As the Hillsborough talks ended on Wednesday, Peter Robinson repeated the party will not give their go-ahead until there is progress on the "outstanding issue".
Sinn Fein's Martin McGuinness, meanwhile, blamed the devolution stalemate on the decision by the DUP to make the abolition of the commission a "pre-condition", saying he will "not be made subject to a unionist veto or an Orange Order pre-condition."
A so-called "Derry Model" has been suggested as a way of breaking the deadlock.
The model, centered on local mediation, was devised by Derry businessmen after the opposition between Bogside's residents and the Apprentice Boys spilled over into violence, damaging the local economy.
The business community intervened in a bid to improve relations between nationalists and the Apprentice Boys in the city.
"By devising a system that allowed for communication, that allowed for confidence building", Derry businessman Garvan O'Doherty told UTV.
"And also, you know, maybe people have to give up certain aspects of territory to gain other aspects of territory."
"It's important we work off a clean sheet whereby all the prejudices of the past are left behind and we work towards the future."
But Garvaghy Road Residents have said the proposal was unsuccessfully put forward by the British government over 10 years ago.
"That proposal was withdrawn by the British Government as unworkable when it was shown that the representation on such a political and civic forum would, in fact, have favoured the pro-Orange Order lobby and placed nationalists in Portadown at a distinct disadvantage", a spokesman for the Garvaghy Road Residents said.
"The Derry model didn't have to deal with parades that were going directly through the Creggan or the Bogside, unlike here where the parade is going through 100% residential nationalist community," Breandan MacCionnaith told UTV.
The residents insist the Parades Commission has helped improve the situation since the end of the bitter Drumcree dispute which brought Northern Ireland to the brink at the end of the 1990s.

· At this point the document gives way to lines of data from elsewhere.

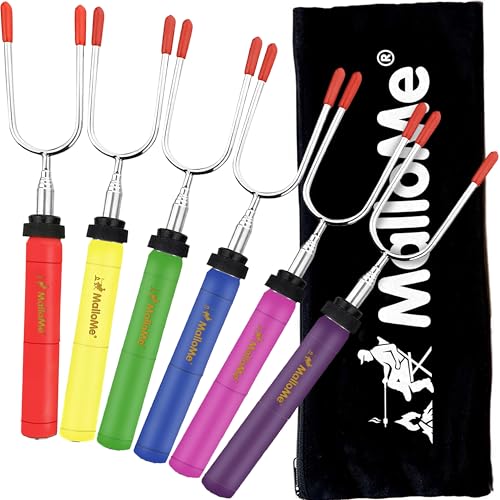 MalloMe Smores Sticks for Fire Pit - Premium 34 inch Marshmallow ...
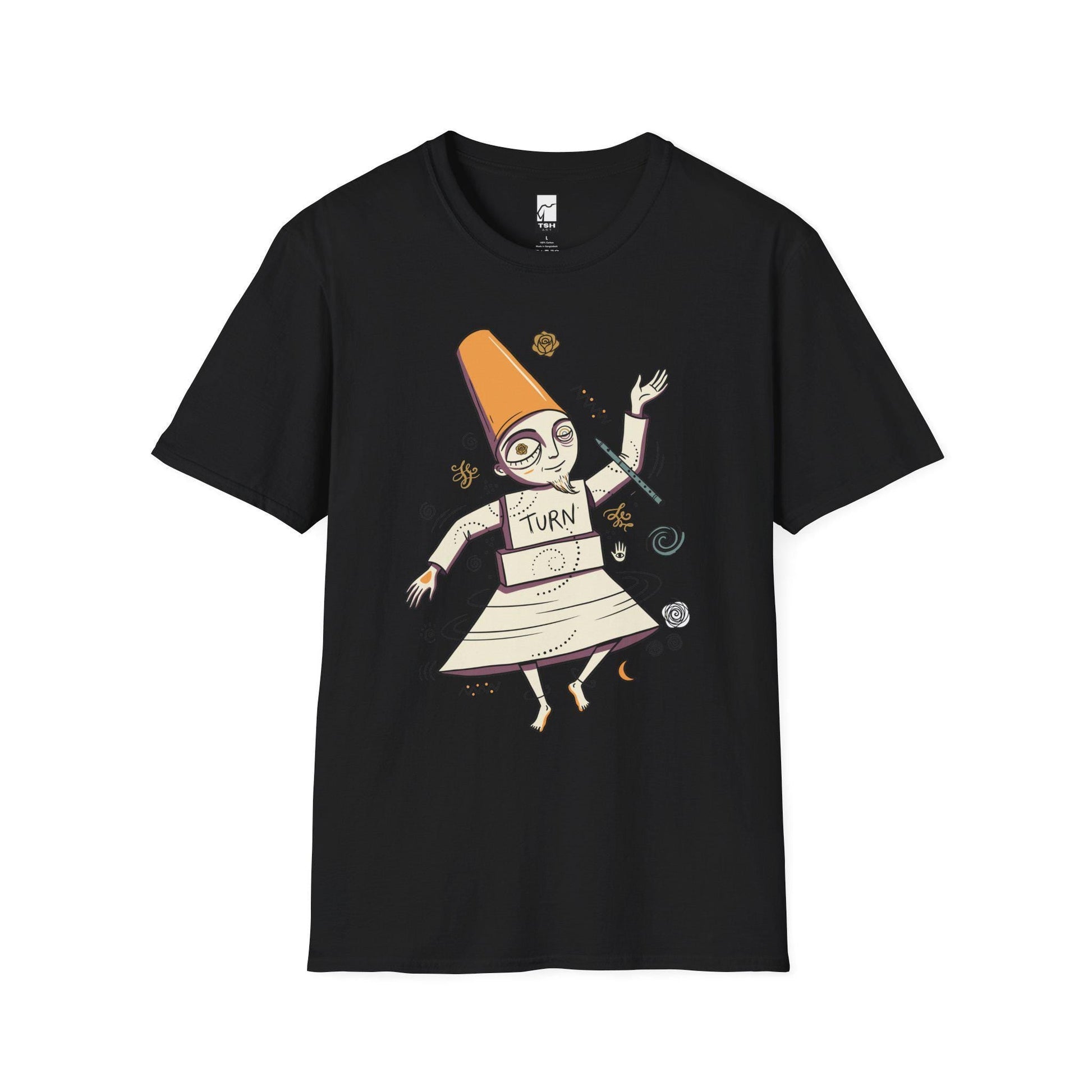 Whirling Dervish Shirt | Sufi Semazen Tee | Mevlana Rumi Graphic Tee | Turkish Culture T Shirt | Boho Spiritual Art Tee | Unisex Gift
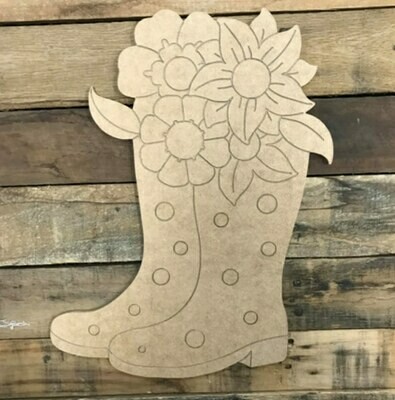 Paint by Line Rain Boots 10 Paint by Line Rain Boots 10"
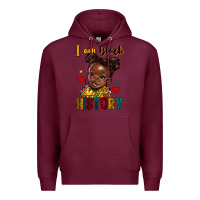 Burgundy i am black history Premium Hoodie - HRA Design Shop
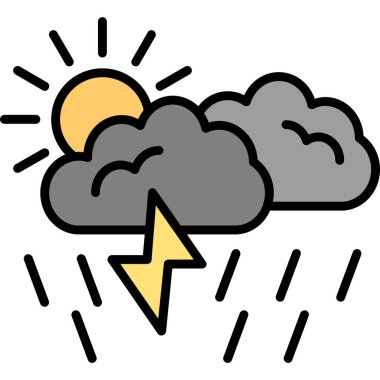 fırtına bulutu hava simgesi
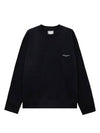 Cotton Square Label Sweatshirt Black - WOOYOUNGMI - BALAAN 5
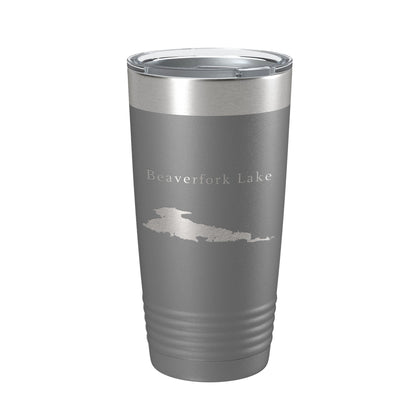Beaverfork Lake Map Tumbler Travel Mug Insulated Laser Engraved Coffee Cup Arkansas 20 oz-16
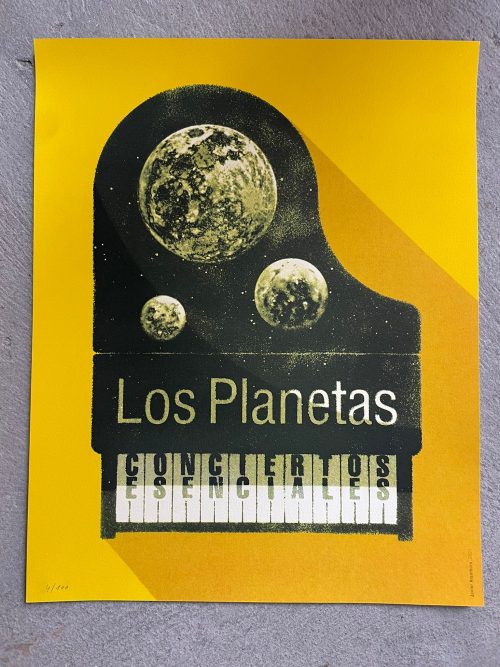 Cartel Los Planetas, conciertos esenciales, edición limitada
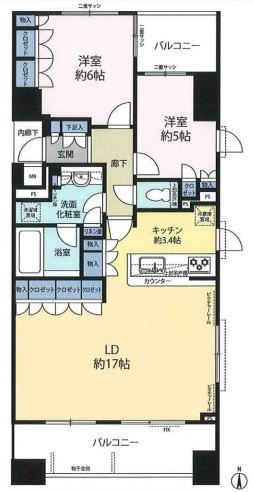 リビオ文京関口シティクロス間取り図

"The rerouting of contentious marches away from the Garvaghy Road and Obins Street by the Parades Commission has meant that our community - and the wider community - has enjoyed successive peaceful summers", residents claimed.
But north Belfast DUP MLA Nelson McCausland is calling for a new and fair system.
"It is quite clear that the Parades Commission has failed", he told UTV.
"What we need now is a new start, a new system, a new structure that will produce a fair system and fair outcomes in regard to parades."